Web page caption snippets:

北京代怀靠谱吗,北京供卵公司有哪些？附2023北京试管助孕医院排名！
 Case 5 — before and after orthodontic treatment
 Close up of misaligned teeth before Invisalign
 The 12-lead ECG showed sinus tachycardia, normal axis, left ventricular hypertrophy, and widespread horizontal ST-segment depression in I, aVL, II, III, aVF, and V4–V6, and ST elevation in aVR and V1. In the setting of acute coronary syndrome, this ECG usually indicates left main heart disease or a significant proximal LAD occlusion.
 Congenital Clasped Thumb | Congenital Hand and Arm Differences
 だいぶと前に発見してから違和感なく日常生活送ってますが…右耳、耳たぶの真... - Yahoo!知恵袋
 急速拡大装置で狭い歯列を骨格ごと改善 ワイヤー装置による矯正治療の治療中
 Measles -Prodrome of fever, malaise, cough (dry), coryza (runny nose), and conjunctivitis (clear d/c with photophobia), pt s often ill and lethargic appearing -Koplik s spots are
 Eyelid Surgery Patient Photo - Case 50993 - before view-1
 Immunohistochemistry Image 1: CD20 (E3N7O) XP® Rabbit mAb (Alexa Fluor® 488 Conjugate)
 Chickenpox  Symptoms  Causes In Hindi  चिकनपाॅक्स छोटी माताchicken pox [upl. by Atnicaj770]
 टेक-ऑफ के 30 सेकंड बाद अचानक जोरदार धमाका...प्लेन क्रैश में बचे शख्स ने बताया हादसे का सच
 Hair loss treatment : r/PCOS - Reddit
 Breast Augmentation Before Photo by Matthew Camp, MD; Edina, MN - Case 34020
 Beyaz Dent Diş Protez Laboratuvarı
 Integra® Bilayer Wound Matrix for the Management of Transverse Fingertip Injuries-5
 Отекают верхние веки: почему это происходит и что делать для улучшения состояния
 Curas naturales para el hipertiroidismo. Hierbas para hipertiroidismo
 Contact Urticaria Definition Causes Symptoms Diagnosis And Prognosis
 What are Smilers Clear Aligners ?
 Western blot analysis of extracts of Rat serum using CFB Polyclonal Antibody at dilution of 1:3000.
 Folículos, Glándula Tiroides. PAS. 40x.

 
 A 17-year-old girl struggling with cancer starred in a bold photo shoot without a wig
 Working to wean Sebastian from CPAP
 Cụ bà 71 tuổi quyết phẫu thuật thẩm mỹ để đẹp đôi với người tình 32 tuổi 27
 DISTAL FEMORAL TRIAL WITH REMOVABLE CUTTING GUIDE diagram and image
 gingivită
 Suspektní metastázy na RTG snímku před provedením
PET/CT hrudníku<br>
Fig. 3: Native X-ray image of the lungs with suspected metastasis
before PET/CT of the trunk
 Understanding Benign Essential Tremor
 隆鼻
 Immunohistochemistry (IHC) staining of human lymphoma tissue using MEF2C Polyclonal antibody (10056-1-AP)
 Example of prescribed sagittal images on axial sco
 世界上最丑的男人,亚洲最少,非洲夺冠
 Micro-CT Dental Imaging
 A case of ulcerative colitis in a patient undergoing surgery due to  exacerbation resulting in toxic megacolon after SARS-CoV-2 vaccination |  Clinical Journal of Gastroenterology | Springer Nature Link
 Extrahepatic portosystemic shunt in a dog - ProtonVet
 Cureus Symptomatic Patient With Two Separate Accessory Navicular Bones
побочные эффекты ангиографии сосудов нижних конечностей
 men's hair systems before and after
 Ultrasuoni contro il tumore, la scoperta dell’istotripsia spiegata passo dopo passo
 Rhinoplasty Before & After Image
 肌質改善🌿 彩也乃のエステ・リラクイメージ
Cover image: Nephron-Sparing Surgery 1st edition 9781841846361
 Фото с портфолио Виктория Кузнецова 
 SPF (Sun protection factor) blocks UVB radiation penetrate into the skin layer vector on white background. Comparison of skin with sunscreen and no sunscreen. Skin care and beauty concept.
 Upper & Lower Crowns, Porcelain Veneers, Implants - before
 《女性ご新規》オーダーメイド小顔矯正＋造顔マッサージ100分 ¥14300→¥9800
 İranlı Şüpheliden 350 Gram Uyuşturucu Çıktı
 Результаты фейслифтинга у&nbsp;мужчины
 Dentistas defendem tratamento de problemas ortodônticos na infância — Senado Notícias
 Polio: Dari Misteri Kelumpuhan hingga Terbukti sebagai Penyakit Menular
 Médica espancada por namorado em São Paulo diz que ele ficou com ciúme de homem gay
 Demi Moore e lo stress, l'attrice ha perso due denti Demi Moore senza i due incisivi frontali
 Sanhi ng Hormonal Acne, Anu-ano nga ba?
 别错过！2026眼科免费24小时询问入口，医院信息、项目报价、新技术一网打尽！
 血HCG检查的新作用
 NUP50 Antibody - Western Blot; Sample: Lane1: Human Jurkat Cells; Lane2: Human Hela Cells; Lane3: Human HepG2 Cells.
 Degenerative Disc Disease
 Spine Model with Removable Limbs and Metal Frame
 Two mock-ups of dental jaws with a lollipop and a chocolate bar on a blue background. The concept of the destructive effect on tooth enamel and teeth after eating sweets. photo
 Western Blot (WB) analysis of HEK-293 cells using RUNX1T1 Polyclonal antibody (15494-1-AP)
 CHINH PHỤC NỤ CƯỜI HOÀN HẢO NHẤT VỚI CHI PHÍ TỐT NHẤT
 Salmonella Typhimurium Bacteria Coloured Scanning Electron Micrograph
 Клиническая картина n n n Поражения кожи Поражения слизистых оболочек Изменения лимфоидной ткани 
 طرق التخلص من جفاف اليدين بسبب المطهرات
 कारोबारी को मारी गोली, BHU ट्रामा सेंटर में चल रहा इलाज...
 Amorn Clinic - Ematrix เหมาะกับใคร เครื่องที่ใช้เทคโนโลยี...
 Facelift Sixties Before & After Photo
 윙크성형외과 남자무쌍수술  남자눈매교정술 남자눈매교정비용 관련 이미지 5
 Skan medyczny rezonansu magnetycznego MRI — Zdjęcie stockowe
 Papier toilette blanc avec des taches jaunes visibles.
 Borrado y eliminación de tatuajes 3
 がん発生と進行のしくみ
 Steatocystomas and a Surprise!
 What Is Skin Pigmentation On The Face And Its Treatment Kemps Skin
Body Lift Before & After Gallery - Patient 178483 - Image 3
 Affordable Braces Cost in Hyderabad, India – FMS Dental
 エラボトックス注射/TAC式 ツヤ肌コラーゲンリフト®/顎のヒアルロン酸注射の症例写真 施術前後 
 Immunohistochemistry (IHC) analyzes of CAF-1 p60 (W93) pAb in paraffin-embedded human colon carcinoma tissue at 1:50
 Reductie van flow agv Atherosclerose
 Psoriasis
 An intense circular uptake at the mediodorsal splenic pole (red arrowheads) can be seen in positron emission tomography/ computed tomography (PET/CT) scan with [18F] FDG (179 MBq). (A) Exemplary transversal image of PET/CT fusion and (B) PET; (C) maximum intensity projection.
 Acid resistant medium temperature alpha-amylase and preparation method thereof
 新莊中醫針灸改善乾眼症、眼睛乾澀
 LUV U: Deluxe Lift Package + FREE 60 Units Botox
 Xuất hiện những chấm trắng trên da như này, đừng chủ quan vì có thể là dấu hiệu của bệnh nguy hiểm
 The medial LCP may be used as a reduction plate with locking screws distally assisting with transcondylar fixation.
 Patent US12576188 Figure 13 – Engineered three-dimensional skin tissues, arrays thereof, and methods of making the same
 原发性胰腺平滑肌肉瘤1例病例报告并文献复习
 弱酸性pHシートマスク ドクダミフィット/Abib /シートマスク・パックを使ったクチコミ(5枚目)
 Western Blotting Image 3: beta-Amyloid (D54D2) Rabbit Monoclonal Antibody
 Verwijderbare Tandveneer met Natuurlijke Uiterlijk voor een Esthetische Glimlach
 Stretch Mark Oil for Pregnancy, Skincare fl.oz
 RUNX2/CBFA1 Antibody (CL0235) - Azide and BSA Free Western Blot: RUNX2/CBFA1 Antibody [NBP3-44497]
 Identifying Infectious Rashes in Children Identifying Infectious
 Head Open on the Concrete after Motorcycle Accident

▶ Required work
Could you transcribe the entries above word for word, from the line with "Micro-CT Dental Imaging" down to the line with "SPF (Sun protection", keeping both?

▶ Answer box
 Micro-CT Dental Imaging
 A case of ulcerative colitis in a patient undergoing surgery due to  exacerbation resulting in toxic megacolon after SARS-CoV-2 vaccination |  Clinical Journal of Gastroenterology | Springer Nature Link
 Extrahepatic portosystemic shunt in a dog - ProtonVet
 Cureus Symptomatic Patient With Two Separate Accessory Navicular Bones
побочные эффекты ангиографии сосудов нижних конечностей
 men's hair systems before and after
 Ultrasuoni contro il tumore, la scoperta dell’istotripsia spiegata passo dopo passo
 Rhinoplasty Before & After Image
 肌質改善🌿 彩也乃のエステ・リラクイメージ
Cover image: Nephron-Sparing Surgery 1st edition 9781841846361
 Фото с портфолио Виктория Кузнецова 
 SPF (Sun protection factor) blocks UVB radiation penetrate into the skin layer vector on white background. Comparison of skin with sunscreen and no sunscreen. Skin care and beauty concept.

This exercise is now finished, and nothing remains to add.